If there is an avenue people used to become millionaires in Kibaki’s era, then it was the stock market. From 2002 when Kibaki took over to 2007, KQ shares moved from the lows of 10 to over 150. Same trend was observed in Mumias Sugar, TransCentury, EA Cables among many others.
The stock market remained so important that in 2007 polls, it was prominently used to give the status of the economy, using it to bargain for peace. While the stock market gave retail investors a place to make some money, it’s corporate investors who often made a kill.
Raila Odinga, the the opposition Chief, having observed that few tycoons were locking the market for themselves and locking out other Kenyans, he questioned in Parliament in 2007, a period around when Safaricom was issuing its first IPO. Amos Kimunya, then finance minister, emotionally and bitterly told Raila a stock market is not a fish market to expect him to work the way he wanted.
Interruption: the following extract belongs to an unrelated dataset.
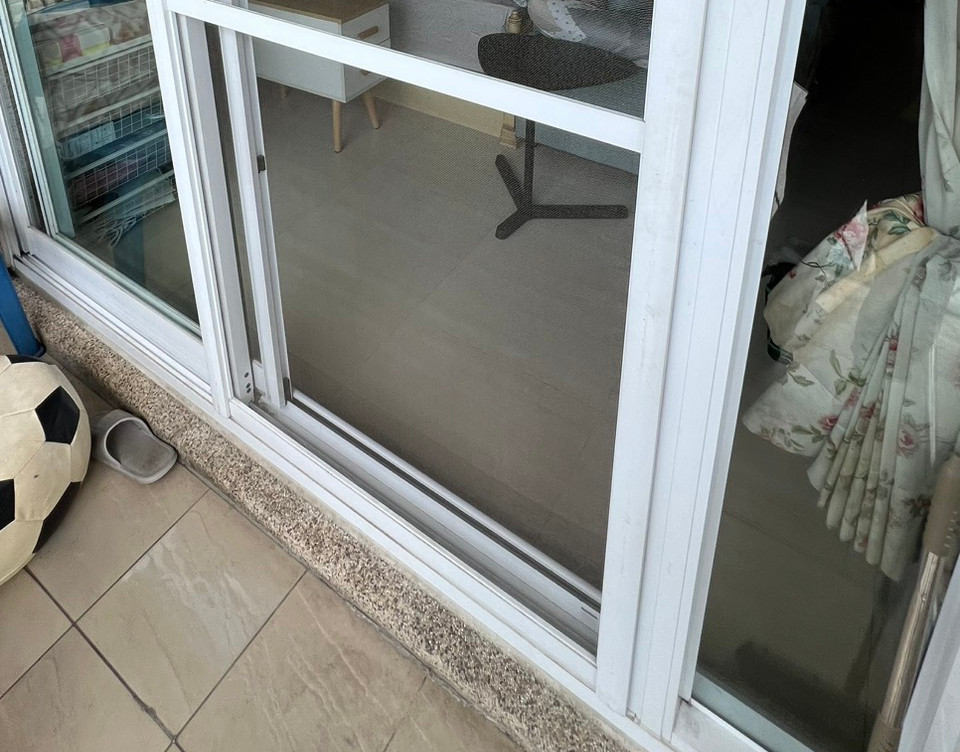 陽台紗門紗網換新與滑軌調整完工圖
The diss was so strong the speaker ordered Kimunya to withdraw it. He was coming to defense for guys who had create shell firms to purchase majority shares in Safaricom and Kenya Re, and failed to disclose their identities. As it is usual for all wisemen, Raila had seen ahead. It’s the same same cartels that were now moving to purchase majority shares using shell companies that would work for the death of the same market.
President Kibaki era came to a close and we welcomed two thugs, christened as digital dynamic duos. The duo oversaw the funeral process of the NSE. Mumias crashed to a point of being delisted from the market. KQ shares came back from the highs of 140s in 2007/8 to less than 5bob. Many other firms have not been spared.
Safaricom, issued at 5 bob with many analysts predicting it to cross the triple figure within the medium term got stuck at 10s and 20s, it often smells 30s occasionally. NSE all share index has never smelt close to what it recorded around 2007. In UhuRuto’s ten year period, the stock market brought pure tears to investors. Unlike Kibaki era, those who made millions/billions in UhuRuto era were instead thugs feeding on kickbacks and corruption.
Effective August, a man who was told the stock market wasn’t a fish market will take over and that market will be a priority to him. In fact, the massive capital withdrawal by foreigners who had heavily invested in NSE may partly account for the dollar crisis we have today. As much as Ksh. 400 billion have been withdrawn from NSE by foreigner investors in past few months.
If we create a thriving economy, where firms are thriving, and listing in NSE, we’d attract foreigner investments to address the dollar shortage. Kenyans must be wise if they want a functional economy once more.